19 de julho de 2016

A resistência do pixo

Contra a burguesia e a hipocrisia, a tinta risca a parede branca, o muro liso: a cicatriz de uma cidade desigual e excludente. A resistência por meio de uma forma única de expressão. Não é grafite, é pixo. Uma marca, um símbolo. O atestado que berra: estamos aqui, existimos, a cidade perfeita não existe, e todo o ambiente urbano carrega dezenas de níveis de significação.

Propor uma discussão sobre o caráter artístico das manifestações de rua é, no mínimo, ingênuo.
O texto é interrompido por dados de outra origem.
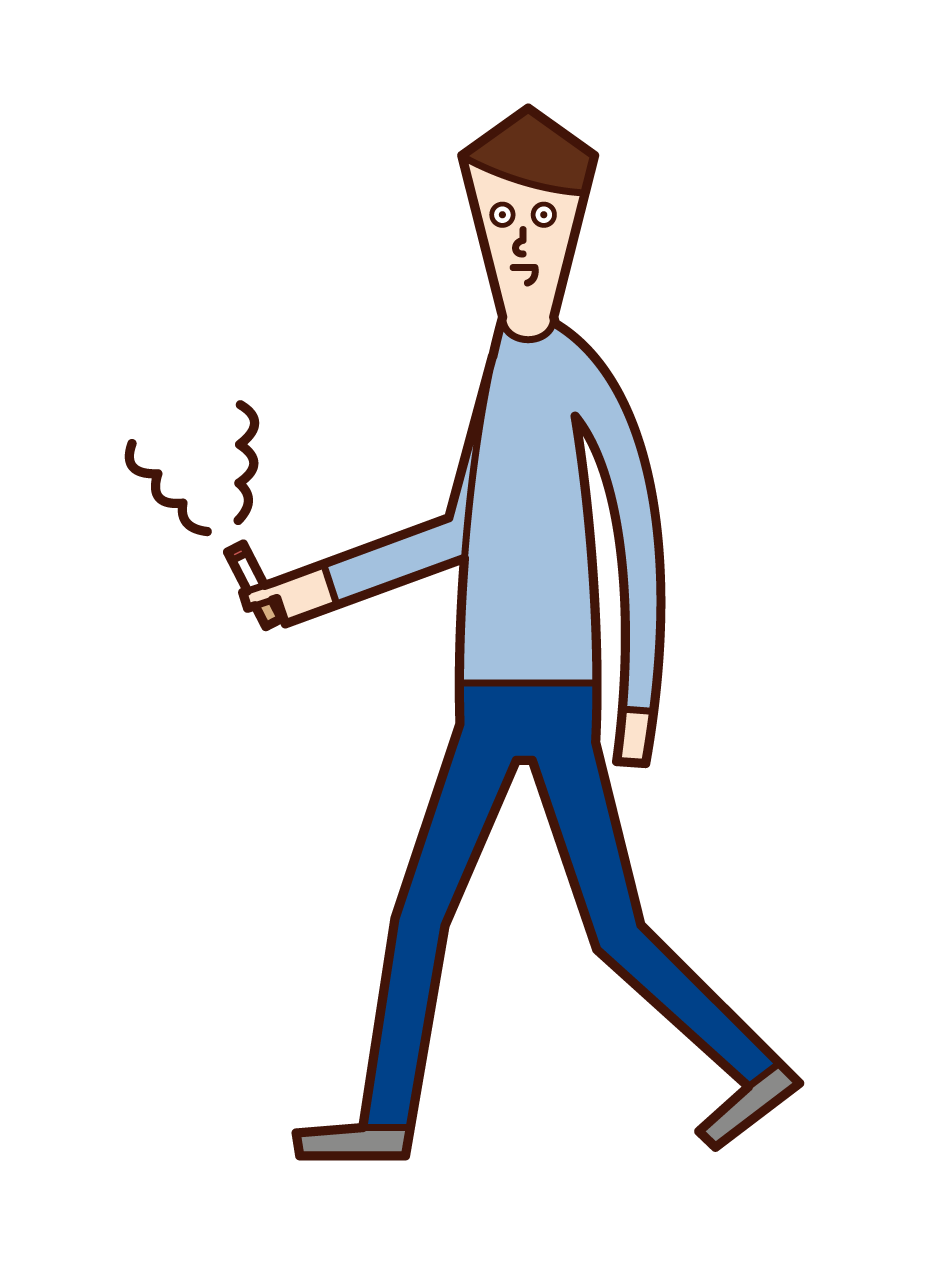 歩きながらタバコを吸う人 男性 のイラスト フリーイラスト素材 Kukukeke ククケケ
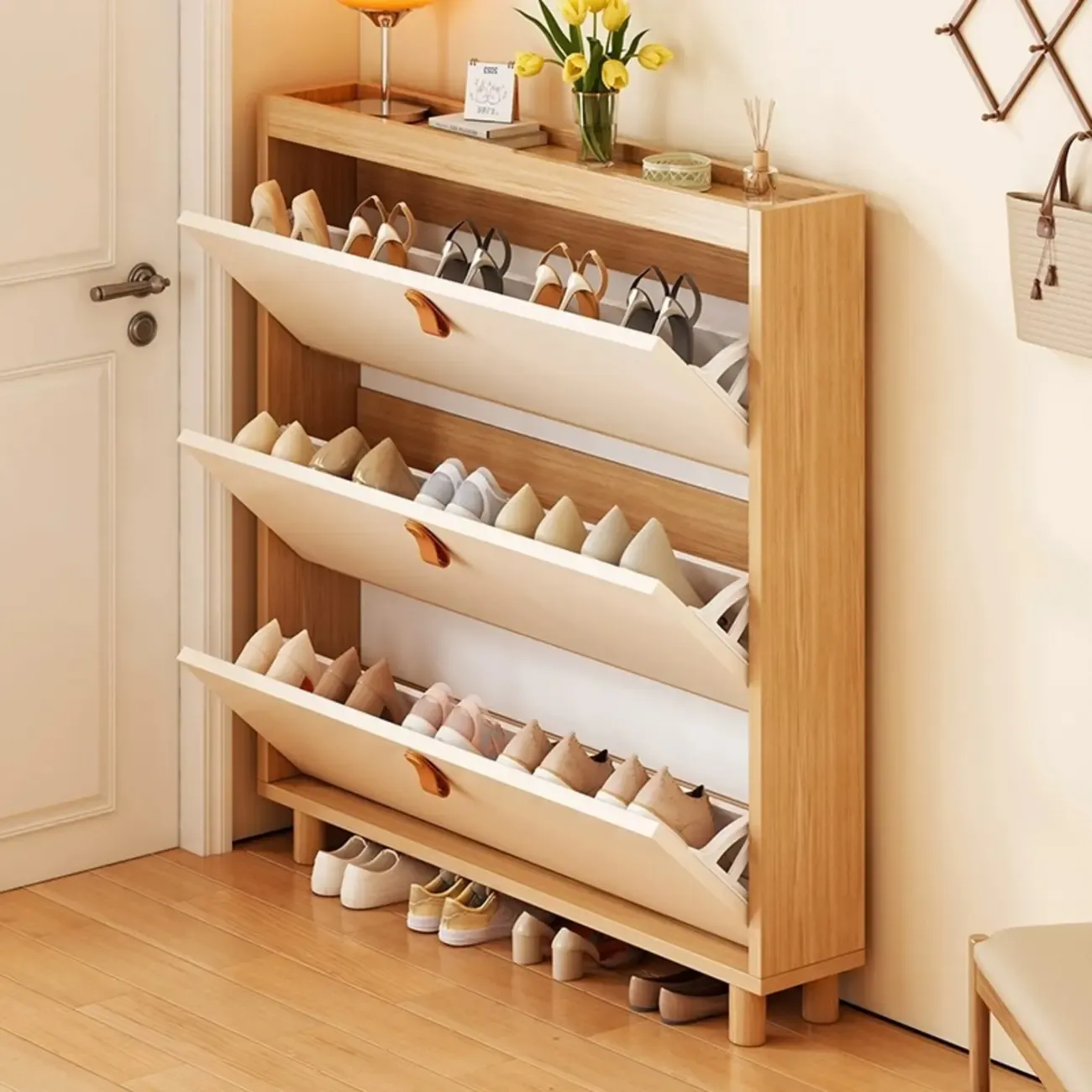 Natural Narrow Drop Front Shoe Cabinet with Doors Image - 1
Se a arte deve ser crítica, se deve provocar impacto, se deve desestabilizar o que está posto, se deve constituir uma experiência estética, se deve chocar o cidadão comum, se deve chamar atenção (para algo), se a arte deve ser sangue e coração, o pixo é arte.

A tinta mancha o córrego urbano com honestidade e autenticidade, as artérias pintadas – marcadas – pela lembrança da pobreza e da exclusão, que existem no silêncio de cada um de nós: passamos ao lado do corpo jogado sob a marquise, em frente à vitrine, ou ao corpo sem rosto que vaga, invisível.

É uma selva, a cidade. São muros, prédios, janelas, esca(la)das, todas superfícies adequadas. O pixo não é uma opção: é uma natureza, está no sangue a necessidade de se fazer ouvir pelos olhos. É uma comunicação fechada, feita para agredir, para atacar a sociedade. É também uma máscara, sobre a qual é necessária a reflexão e compreensão: aprende-se a conviver com aquilo que é distinto.

Foto de Giovana Anschau

Foto de Giovana Anschau

 

Exibindo anschau3.jpgA beleza do pixo deve ser sentida, sim, mas, acima de tudo, deve ser compreendida, observada com cautela e dedicação. O traço proibido carrega uma força, uma violência que apenas sua subversão pode transmitir.

A arte está nos museus, obviamente está. Mas do lado de fora das catedrais há o mundo. E qual obra de arte partiu de algum lugar que não fosse mundo? O pixo é belo por não querer ser arte, o pixo é belo por levar o corpo do artista a um extremo desconhecido, que desafia os obstáculos mais cruéis e se impõe, faz a sua marca, tatua uma esquina, risca o plano da ordem, do previsível.

Ninguém aguenta dias todos iguais. A originalidade do símbolo, um brasão estampado em meio a tantos outros brasões, logomarcas de empresas, nomes de lojas, restaurantes, farmácias. Há um processo: nada é aleatório.

A influência para o movimento vem do heavy metal, do punk rock, do harcore; dos símbolos germânicos, escandinavos, dos primeiros alfabetos europeus; símbolos de difícil decifração, colocados pela cidade sempre com um significado, sempre dizendo ei, você, foda-se, sem que o passante comum os entenda, mas fazendo com que o passante comum se sinta alvo daquela violência, do contraste entre o plano e o relevo, entre o certo e o errado.  

O vício em desvirtuar a ordem, em subverter o sentido da tinta. A adrenalina da arte como crime e do crime como arte. São Paulo é o coração pulsante dessa manifestação potente e original, um mosaico de tintas, de ideias: vozes em uma bela desarmonia, compondo dissonâncias e sinfonias. É a voz da periferia que penetra nas cidades e encontra seu caminho, a favela grita em praça pública, direito é para todo mundo, não apenas para quem tem o dinheiro, a gravata, o mercedes.

A voz do povo está escrita nos muros. O pixo é a arte do limite, da tênue linha entre a Terra e o Céu, do perigo, da franqueza. Arte que ilustra a metrópole, repleta de ódio, de egoísmo, de perversidade.

Arte de coragem, de fúria e explosão, que reza: estamos todos aqui.